Recursively Index Subdirectories

Following the indexation of the root directory using the request "\r\n", main() goes through the linked list and calls gopher_connect() for every subdirectory. This effectively models a breadth-first search of the filesystem hosted on the Gopher server.

Evaluation and Loading of File Content

Upon indexation of all directories and files in the filesystem, evaluate() is called to find the following information:

  1. Number of directories, text files and binary files
  2. Content of the smallest text file (if multiple exist, the first one indexed)
  3. Sizes of the smallest and the largest text files
  4. Sizes of the smallest and the largest binary files
  5. Number of invalid references (each unique invalid request is counted once)
  6. List of external server references (hostname and port) and their connectivity
  7. List of references causing issues/errors

Note that if the server ends its response with .\r\n as per the protocol standard, the three characters are included in the size counts.
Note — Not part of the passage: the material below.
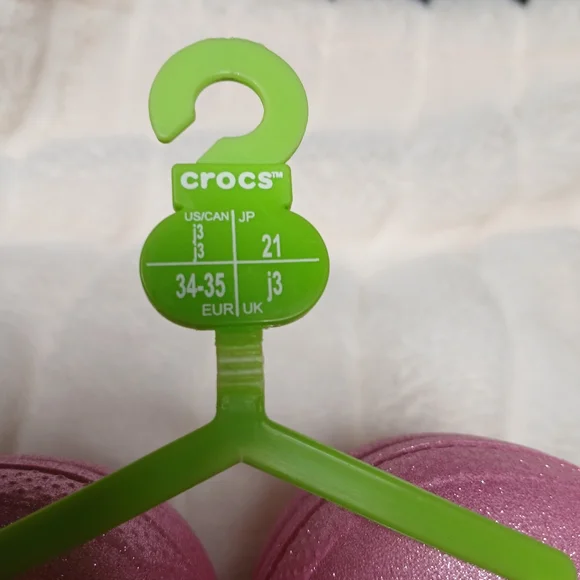 Crocs Classic Lined Glitter Clogs Pink Kids J3 (Youth Size 3) NWT - Picture 5 of 7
This helps with determining whether the server is replying with proper responses.

The helper function test_external_servers() checks the connectivity to external servers by attempting to establish a connection. A server is considered "up" if it accepts the connection in a few seconds. Otherwise, it is marked as "down".

Terminal Output

As the client program runs, logs are printed to the terminal (stdout and stderr). The terminal outputs to stdout are in the following formats.

  • Request sent at <timestamp>: <request>
  • Indexed <item type>: <pathname of newly indexed item>
  • Number of <directories/text files/binary files/invalid references>: <number>
  • Size of the <smallest/largest text/binary file>: <number>
  • Other information produced by evaluate()

Issues and errors are printed to the terminal through stderr:

  • Usage: <program name> <hostname> <port>
  • Error: <error message>
  • File too large: <pathname>
  • Transmission timeout: <pathname>

Minimising Errors and Maximising Security

Whilst this client program follows the Gopher protocol standard in RFC 1436, measures are taken to reduce the impact of malformed responses from servers. For instance, the response is written to a string variable and is always explicitly terminated with the null terminator (\0). This avoids problems such as out-of-bound reading/writing.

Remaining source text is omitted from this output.